Posted on: May 1st, 2017 by Art Leonard No Comments

Opening up a gulf in reasoning with the 9th Circuit, which has insisted on a distinction between the official policies of a government and the facts on the ground in evaluating whether gay people would suffer persecution or worse in a particular country, a panel of the U.S. Court of Appeals for the 2nd Circuit affirmed a ruling by an Immigration Judge (IJ) and the Board of Immigration Appeals (BIA) that a gay man from Brazil could not win refugee status in the United States, despite the documented high rate of murders of gay men in that country and the asserted inability of the government to do anything about it. Dias v. Sessions, 2017 WL 1437117, 2017 U.S. App. LEXIS 7088 (2nd Cir., April 24, 2017) (not  published in F.3d).

Because the appeal was decided under the 2nd Circuit’s special summary proceeding method to deal with the huge caseload of refugee appeals generated in the New York metropolitan region, the per curiam opinion emanating from a panel consisting of Circuit Judges Reena Raggi, Peter W. Hall and Denny Chin is light on facts.  The Petitioner, a native and citizen of Brazil, apparently came to the attention of the Department of Homeland Security as a result of a criminal conviction, but the court does not state any details about that, or the circumstances under which he came to be in the United States and subject to removal.  Petitioner applied for asylum, withholding of removal, and/or protection under the Convention against Torture (CAT), all of which were denied by an Immigration Judge on May 7, 2014, in a decision that was affirmed by the Board of Immigration Appeals (BIA) on September 9, 2015.  In addition to finding that the Petitioner failed to meet the burden of showing he would likely be subjected to persecution or torture if removed to Brazil, the IJ found that he could relocate within Brazil to a safer place than that from which he came.  The BIA did not affirm on the relocation finding, which was unnecessary in light of the finding on the merits.

“Although [Petitioner] did not articulate it as such,” wrote the court, “his claim is that private parties have a pattern or practice of persecuting gay men in Brazil, which the government is unable to stop. [He] predicts that people in Brazil will discover that he is gay either from the Internet article about his crime, from his family, or from a future relationship with a man.  He asserts that homophobic violence is rampant in Brazil, citing a State Department report that killings based on sexual orientation rose from 2011 to 2012, and a Chicago Tribune article on a 1995 study that found 59% of gay Brazilians had suffered some type of homophobic violence.  He cites a study finding that a gay person’s risk of being killed there is 785 percent greater than in the United States and several high-profile cases of homophobic murders.  He acknowledges that Brazil has gay marriage, active gay rights groups, and certain cities with anti-discrimination laws, but argues that this evidences shows that Brazil is willing but unable to stop the violence.”

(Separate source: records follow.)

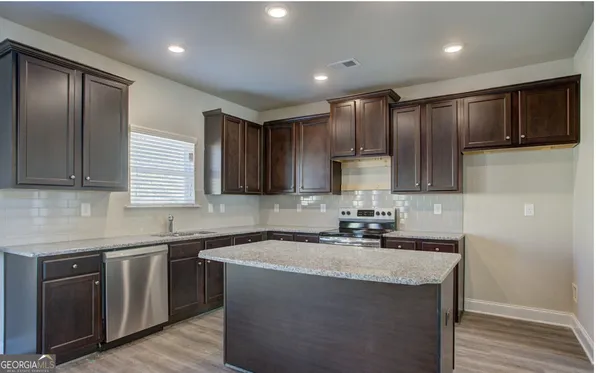 a kitchen with kitchen island granite countertop stainless steel appliances a sink stove and cabinets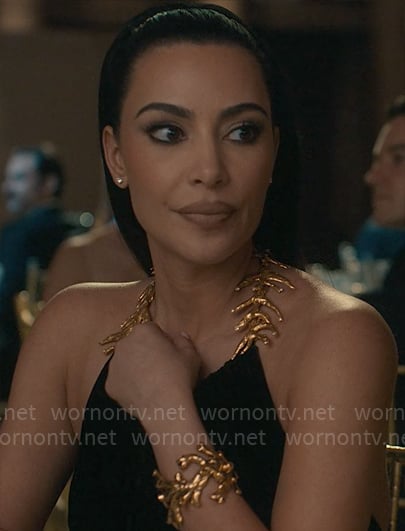 Siobhan’s halter gown with gold detail on American Horror Story Delicate
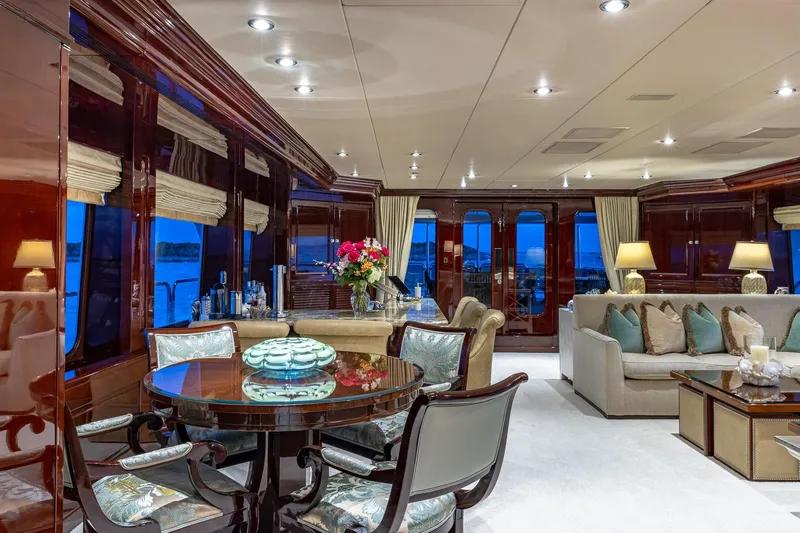 Lady Joy Yacht Photos Pics Luxurious interior of 2007 Christensen Tri-Deck yacht with elegant furnishings and ambient lighting.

The BIA, in disagreeing with these arguments, “acknowledged the evidence of violence and discrimination against gay Brazilians.” But the agency put more weight on the “official” developments – gay rights groups, gay marriage, annual gay pride parade, and city ordinances banning anti-gay discrimination – to find that the Petitioner had “failed to show the Brazilian government would be unwilling or unable to control those responsible for the violence and discrimination.”

The court commented: “Although the IJ and BIA decisions are sparse on reasoning, substantial evidence supports that finding.” The court emphasized that the Chicago Tribune article on which Petitioner relied was more than twenty years old, and that the State Department report, while citing “338 killings based on sexual orientation, acknowledged the Brazilian government’s efforts to fight discrimination and promote gay rights.”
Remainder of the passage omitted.